Question

The area of a triangle is $5sq.unit$. If two vertices of the triangle are $(2,1),(3,-2)$ and the third vertex is $(x,y)$ where $y=x+3$, then find the coordinates of the third vertex.

Answer 1

Given that,

Two vertices of two triangle are $Q(2,1)$ and $R(3,-2)$.
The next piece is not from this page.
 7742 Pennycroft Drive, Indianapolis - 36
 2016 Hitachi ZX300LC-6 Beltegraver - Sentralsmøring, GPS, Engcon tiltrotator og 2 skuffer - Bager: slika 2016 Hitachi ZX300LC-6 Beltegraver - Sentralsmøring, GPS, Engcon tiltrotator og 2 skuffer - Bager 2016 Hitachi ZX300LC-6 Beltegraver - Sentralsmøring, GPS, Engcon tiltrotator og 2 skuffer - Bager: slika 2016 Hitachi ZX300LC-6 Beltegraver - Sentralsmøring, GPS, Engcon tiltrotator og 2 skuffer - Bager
Let the third vertex be $P(x,y)$

Area of $△PQR=5sq.units$

Area of $△PQR=\frac{1}{2}\left[x_1\right(y_2-y_3)+x_2(y_3-y_1)+x_3(y_1-y_2\left)\right]$

$5=\frac{1}{2}\left[x\right(1-(-2))+2(-2-y)+3(y-1\left)\right]$

$10=3x-4-2y+3y-3$

$3x+y-7=10$

$3x+y-17=0.....\left(1\right)$

Given that the equation

$y=x+3.....\left(2\right)$

Put the value of $y$ in equation (1) and (2) we get,

$3x+y-17=0$

$3x+x+3-17=0$

$4x-14=0$

$4x=14$

$x=\frac{14}{4}$

$x=\frac{7}{2}$

Put the value of $x$ in equation (2)

$y=x+3$

$y=\frac{7}{2}+3$

$y=\frac{13}{2}$

Hence, point $P(x,y)=(\frac{7}{2},\frac{13}{2})$ the third vertex.